** GIVEN DATA follows **

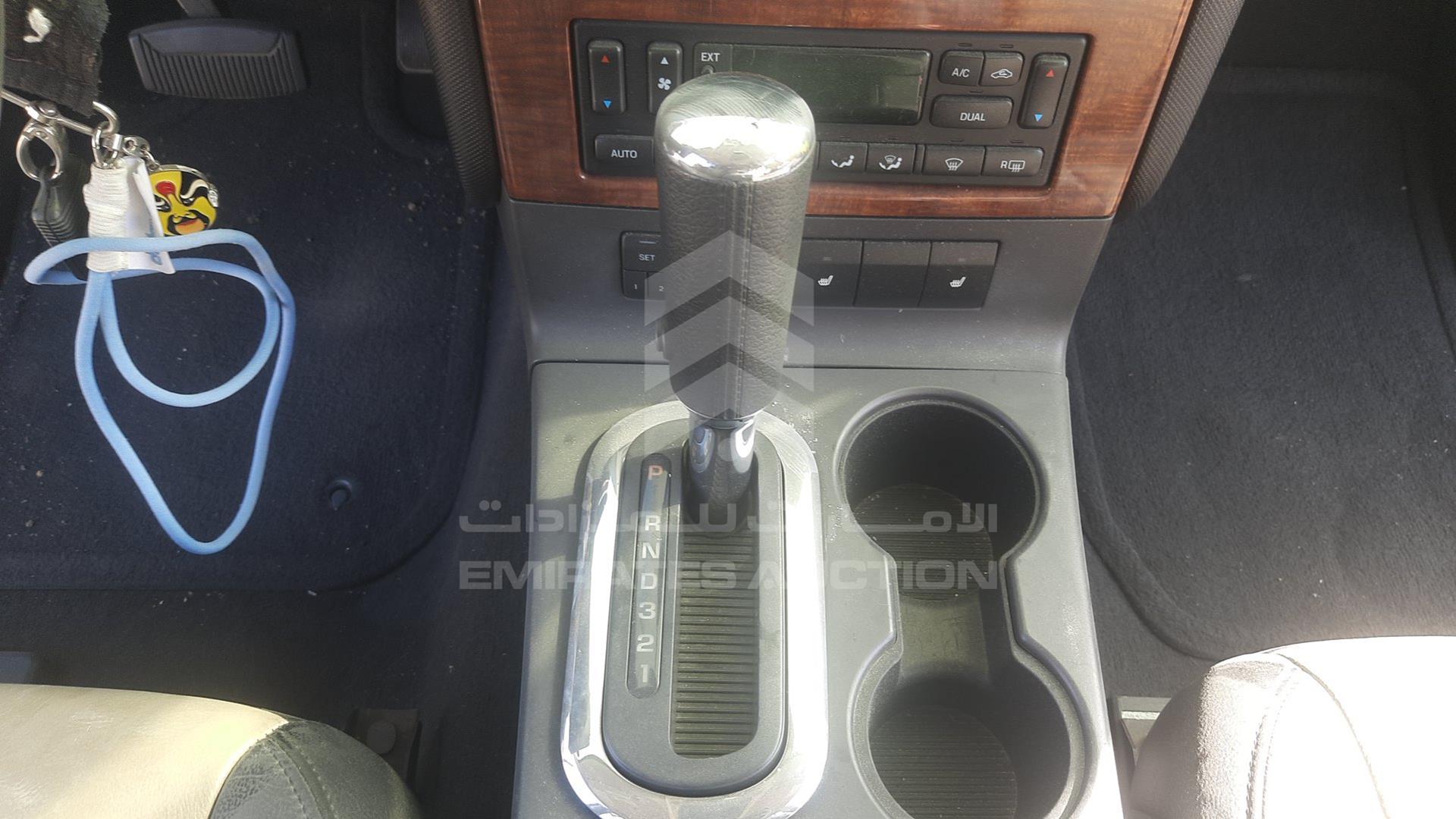 2010 FORD EXPLORER VIN: 1FMEU7EE7AUA42419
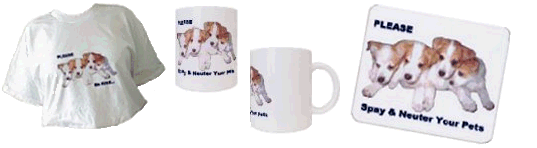 All items for sale showing Puppies design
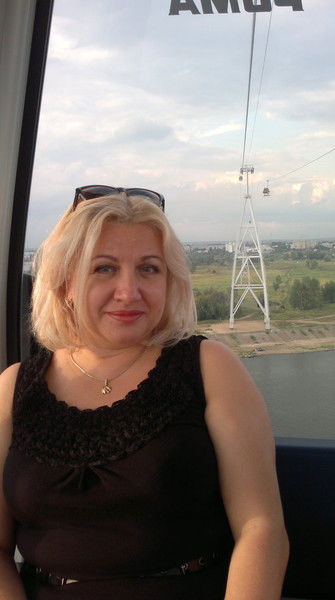 Татьяна Дудакова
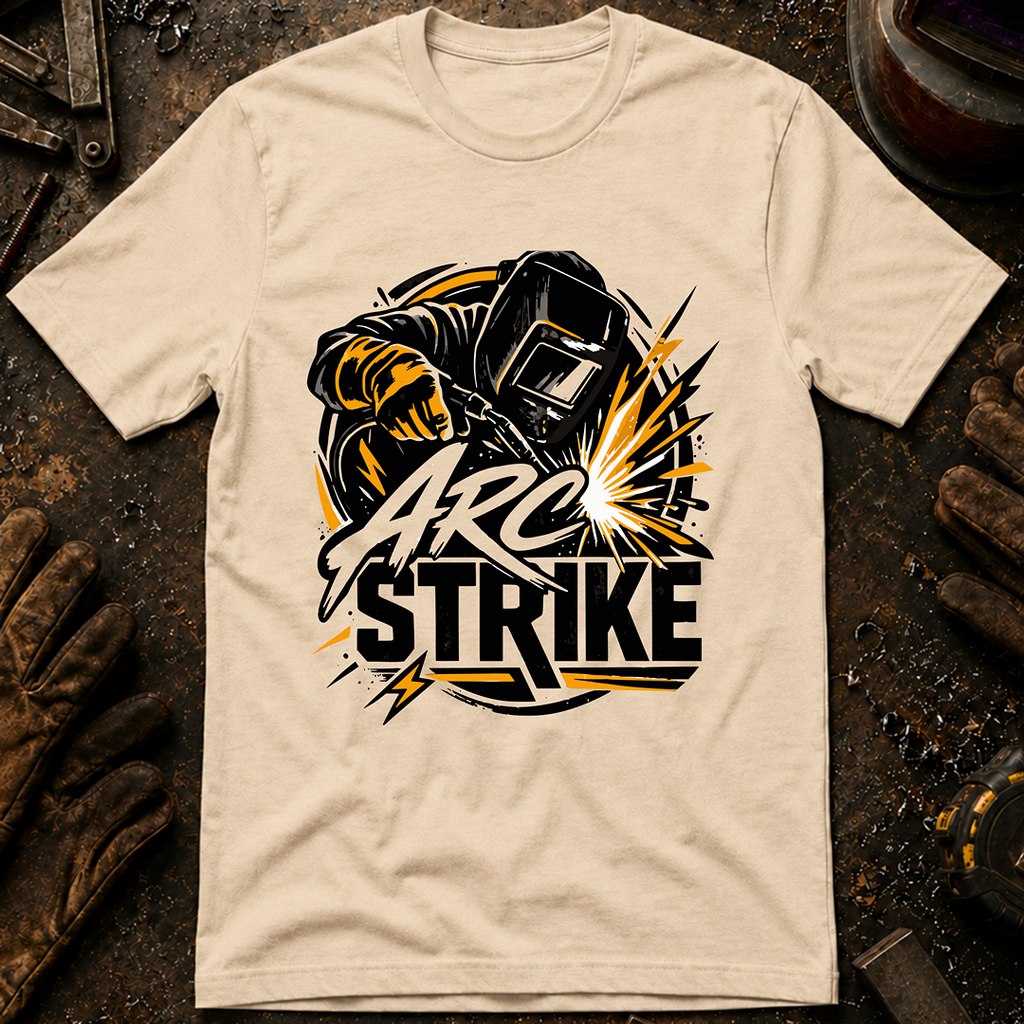 Arc Strike T-Shirt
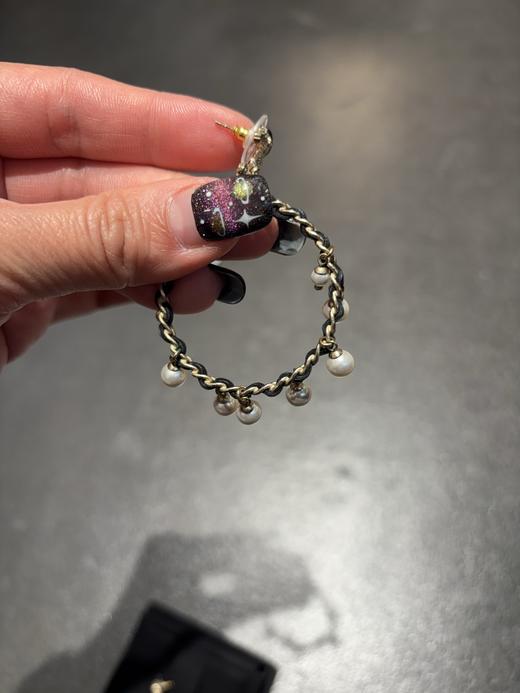 女款耳环025 商品图2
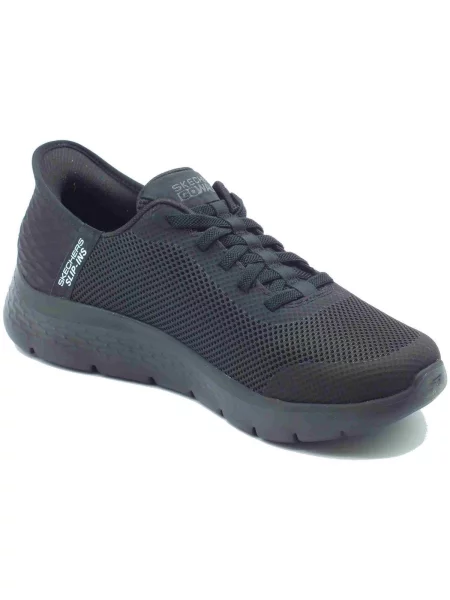 Tenisky Skechers černé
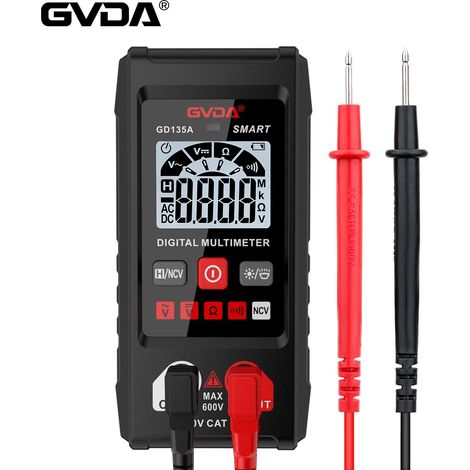 GVDA GD135A Smart Digital Multimeter (1/5)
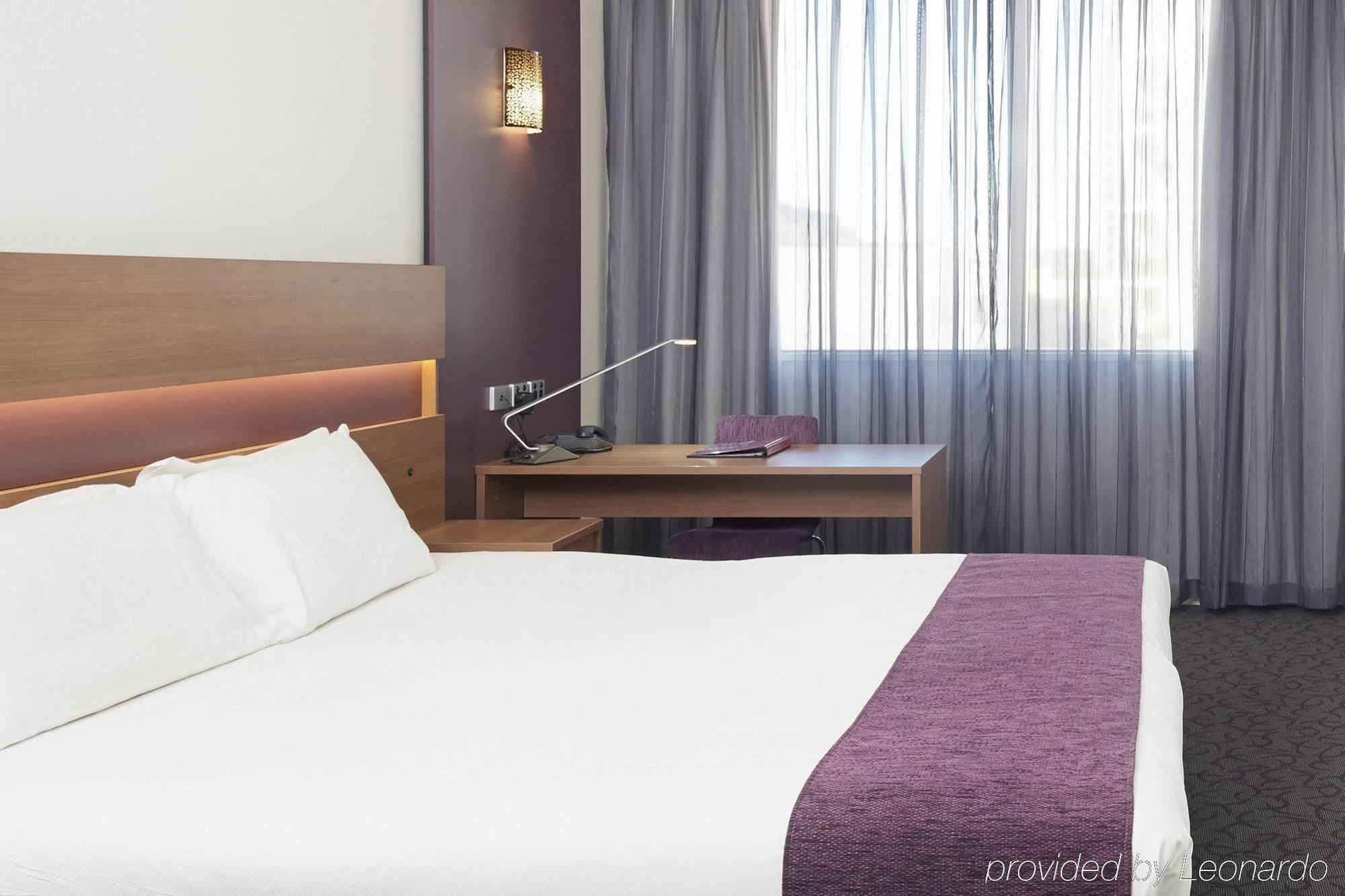 Hotel Quality Ambassador Perth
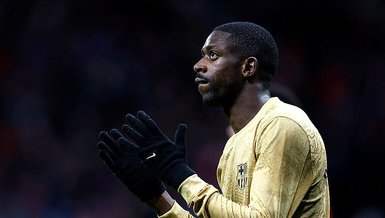 PSG Ousmane Dembele'yi transfer etti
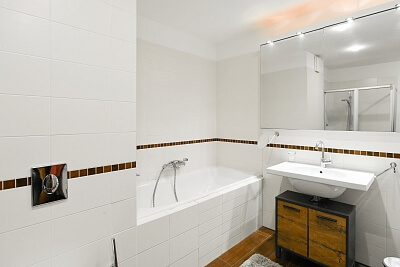 Tigridova, Michle - Praha 4 | Prodej, Byt 4+kk, 154 m²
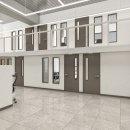 오피스라인 현대 이미지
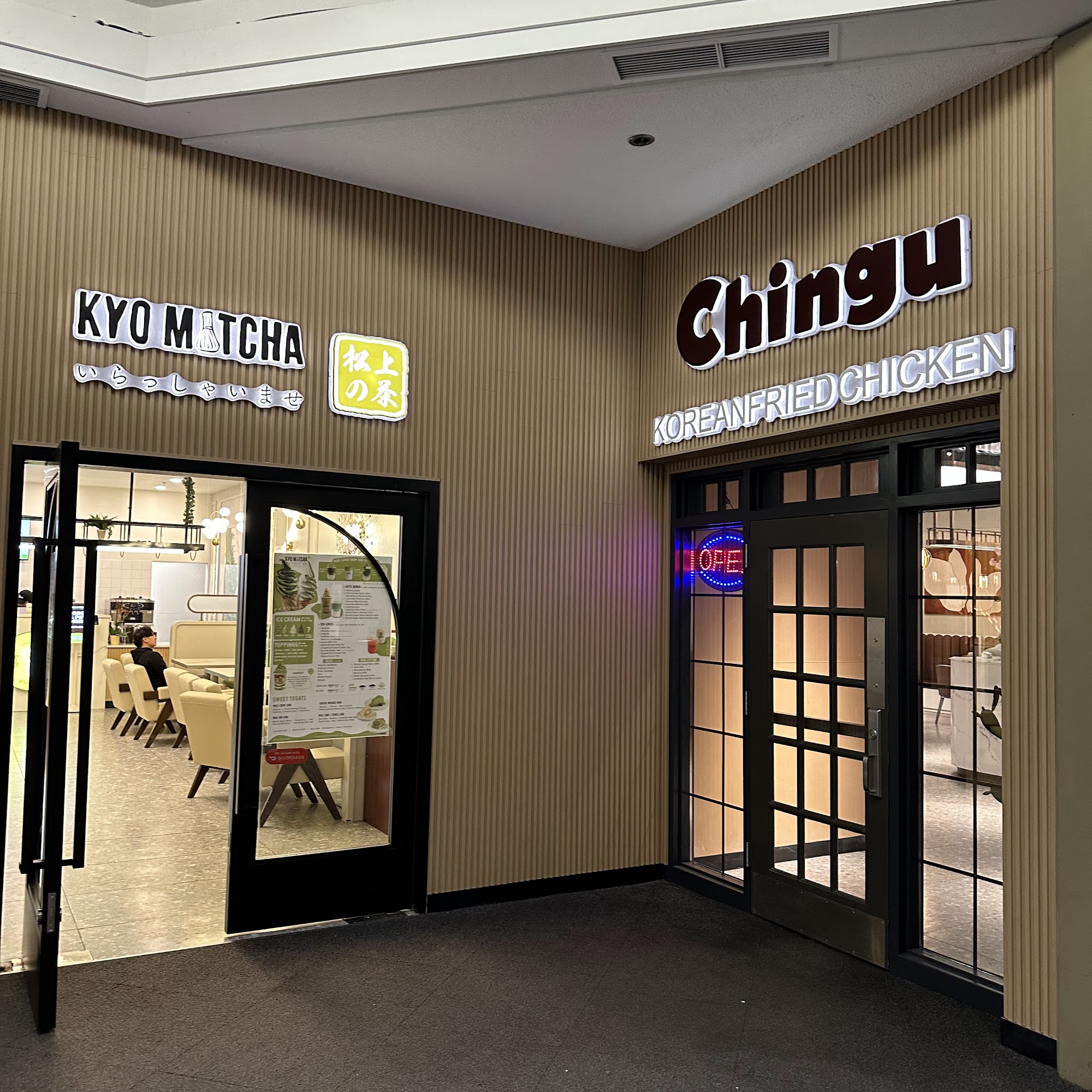 Kyo Matcha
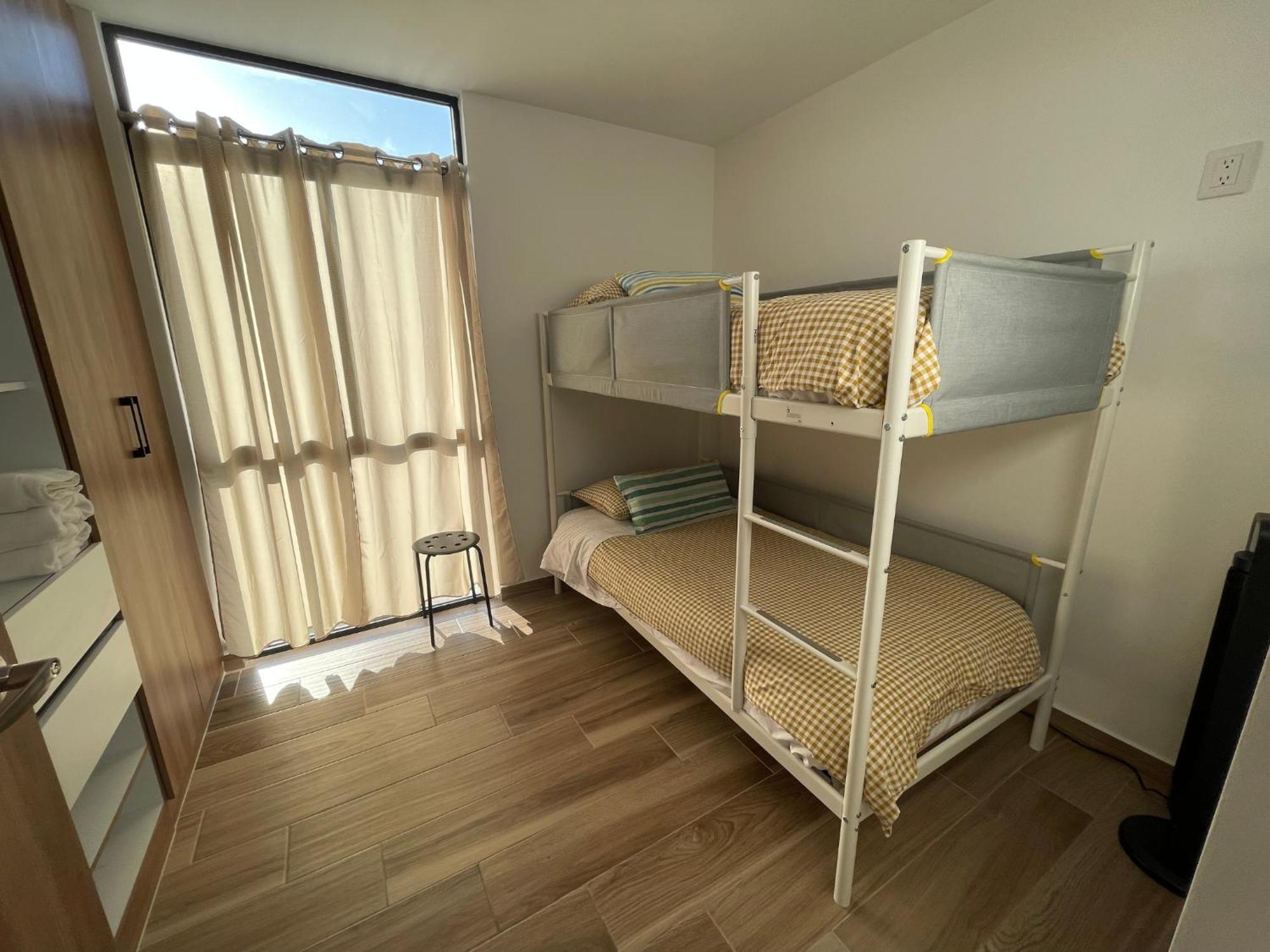 Apartament Depa Familiar Centrico Gdl Con Estacionamiento Guadalajara Zewnętrze zdjęcie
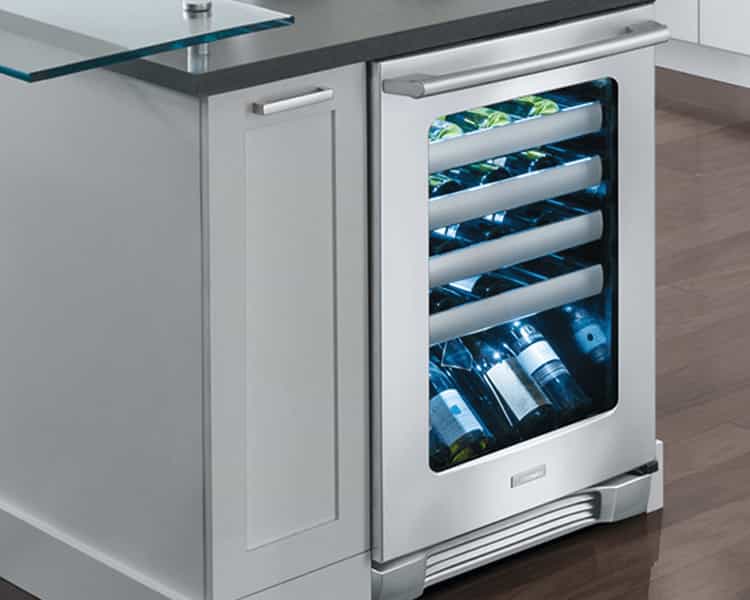 Compare Types & Sizes of Refrigerator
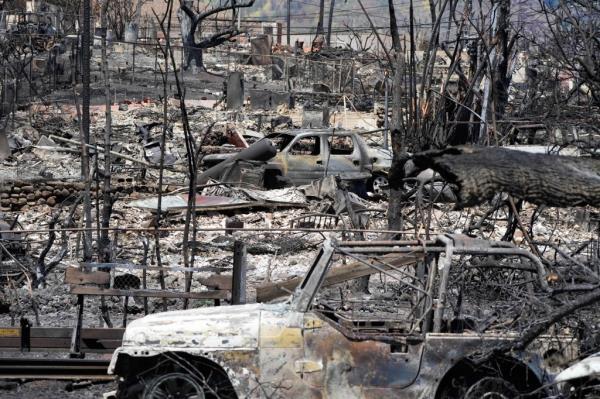 Local residents and elected officials said the reality in Maui is far worse than what's being reported. 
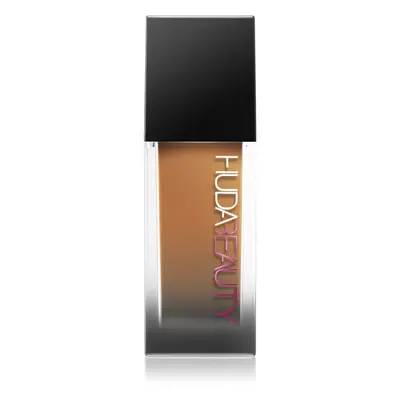 Huda Beauty Faux Filter Foundation tartós alapozó árnyalat Brown Sugar 35 ml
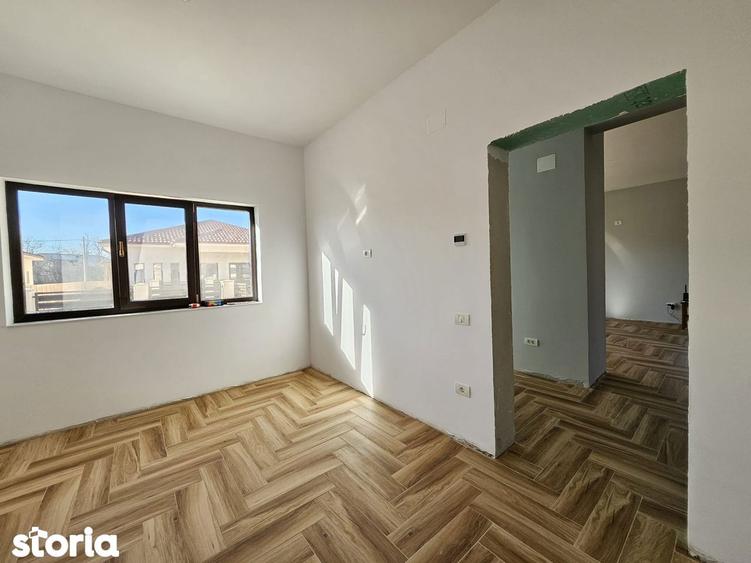 Oferta vanzare casa deosebita 2025 pe parter, Stefanesti, 197000 EURO - 9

** End of GIVEN DATA **

= TASK TO CARRY OUT =
Write out exactly the lines between the start of the data and the line with "Compare Types & Sizes of Refrigerator", including both, but none of the pictures.

= REPLY =
 2010 FORD EXPLORER VIN: 1FMEU7EE7AUA42419
 All items for sale showing Puppies design
 Татьяна Дудакова
 Arc Strike T-Shirt
 女款耳环025 商品图2
 Tenisky Skechers černé
 GVDA GD135A Smart Digital Multimeter (1/5)
 Hotel Quality Ambassador Perth
 PSG Ousmane Dembele'yi transfer etti
 Tigridova, Michle - Praha 4 | Prodej, Byt 4+kk, 154 m²
 오피스라인 현대 이미지
 Kyo Matcha
 Apartament Depa Familiar Centrico Gdl Con Estacionamiento Guadalajara Zewnętrze zdjęcie
 Compare Types & Sizes of Refrigerator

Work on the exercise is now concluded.